» Instructions for the task
Your answer should contain only the lines from the top of the data below down through the one with "Good morning everyone.", transcribed exactly and without pictures; please include nothing more.

[Collected data entries]
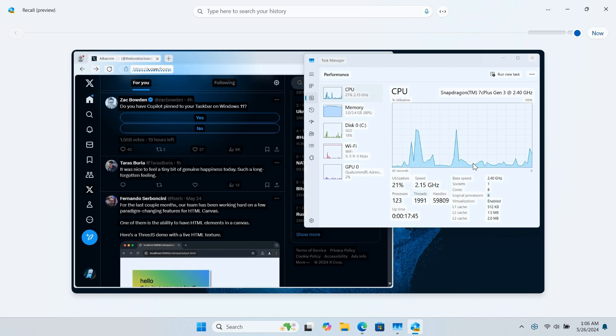With AlbaCore saying over on X: I was able to get Recall working on this bad boy—Snapdragon 7C plus Gen 3, 3.4 gigabytes of RAM, no NPU in sight.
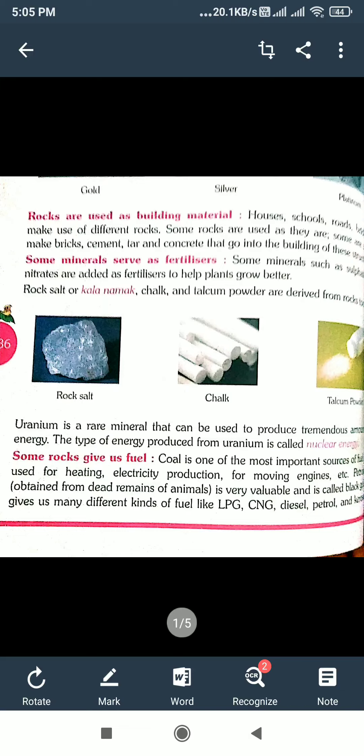Good morning everyone. Welcome to science class. In the previous class we discussed about rocks giving us useful metals, rocks being used as building materials, and some minerals having fertilizers. Now I will continue the chapter.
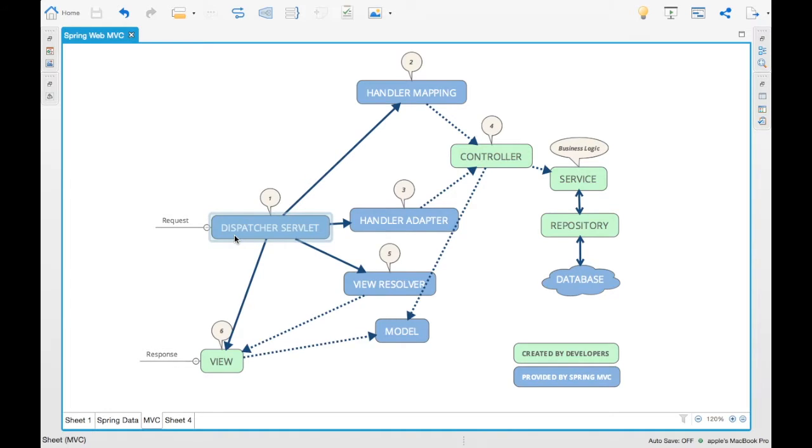The first part - how the request comes - is the request reaches the dispatcher servlet. From the dispatcher servlet it is sent to a handler mapping.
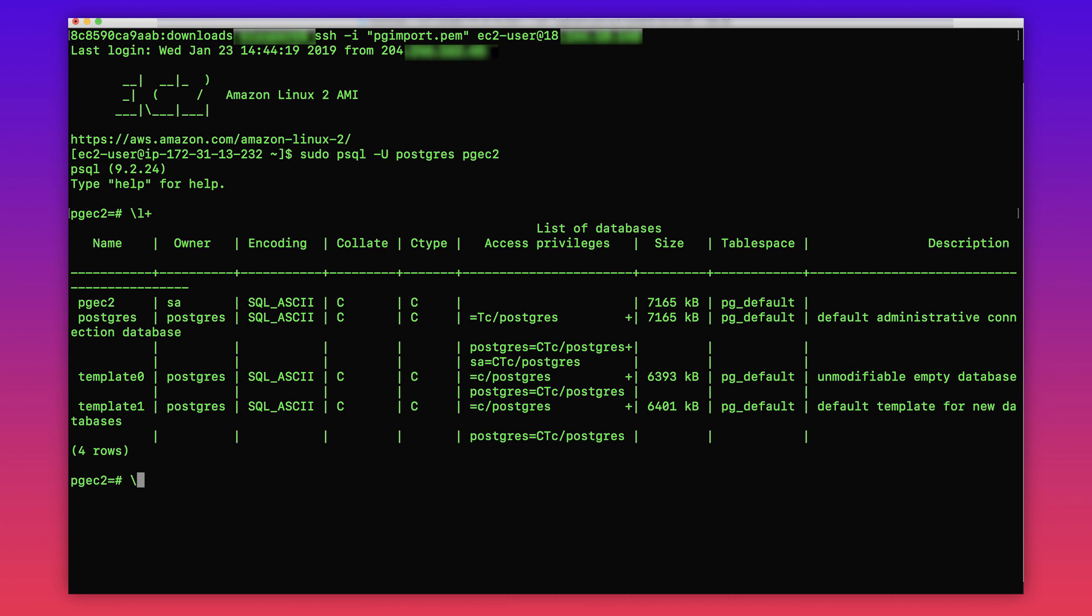Now I'm going to quit the database instance and going to do pgimport. Now I'm back on the EC2 instance. So let's take pgdump of a sample database, for example pgec2.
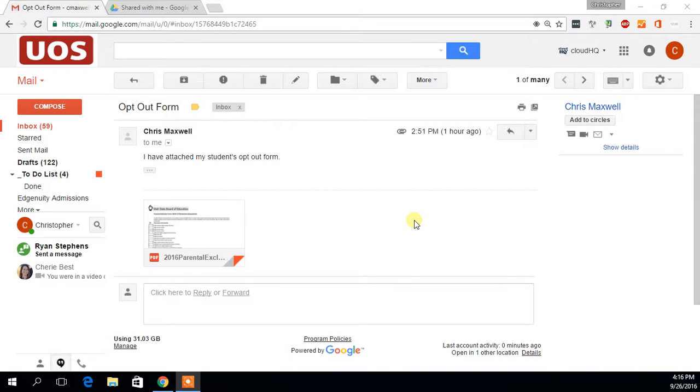Before we get started, you're probably going to want to go into your Drive. I have created a Drive folder that I've shared with all of you. You will probably want to go in and manually add that to your own Google Drive just so you have a little bit quicker and easier access to it.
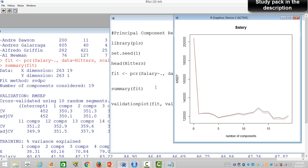That's the idea about principal component regression. One thing to remember: it is only useful when a smaller number of principal components does a great job of reducing the dimension and giving a very low error rate. Otherwise it's not useful. If we hadn't achieved a good result at five components, there would be no point using 15 or 18 principal components to get a lower error rate, because you can always achieve that through linear regression by reducing a few variables.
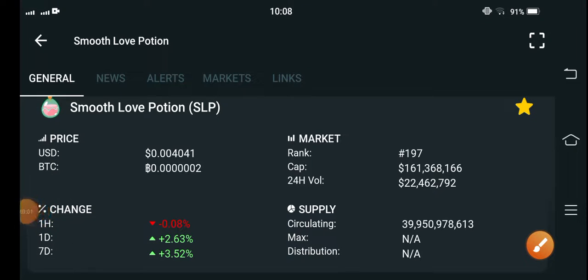Hello everybody, hope you're fine and feeling well. Welcome back to another latest update video about Smooth Love Potion token. What's going on with SLP coin? Let me show you all these things clearly in this short video. If you're new to my channel and haven't subscribed, make sure to hit the subscribe button right now and also the bell icon for video notifications, because on this channel I give you the latest updates about the crypto currency market.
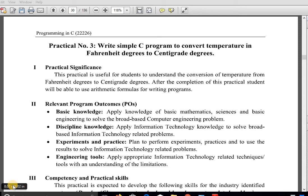Good day students. In this session we will see practical number 3, that is to write a simple C program to convert temperature in Fahrenheit degrees to centigrade degrees. The practical significance is that it is useful for students to understand the conversion of temperature from Fahrenheit to centigrade degrees. After completion of this practical, you will be able to use arithmetic formulas for writing programs.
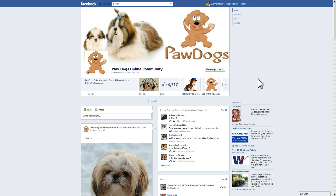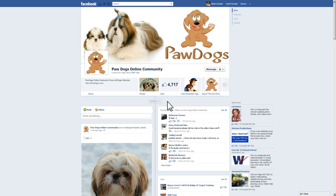Previously, whenever you came to the Paw Dogs online community page on Facebook, you would by default see the posts from everyone — a mix of posts from any member of the public along with posts from Paw Dogs, shown chronologically. Now, when you come to the timeline page, you're going to by default see posts that Facebook calls highlighted posts, which mainly consists of posts by Paw Dogs, plus some posts from your friends — but not posts by everyone in general the way it was in the past.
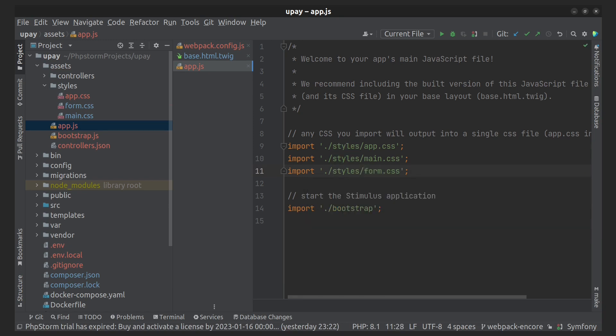By the way, this dot means to look for a local file.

» Completed exercise
With AlbaCore saying over on X: I was able to get Recall working on this bad boy—Snapdragon 7C plus Gen 3, 3.4 gigabytes of RAM, no NPU in sight.
Good morning everyone. Welcome to science class. In the previous class we discussed about rocks giving us useful metals, rocks being used as building materials, and some minerals having fertilizers. Now I will continue the chapter.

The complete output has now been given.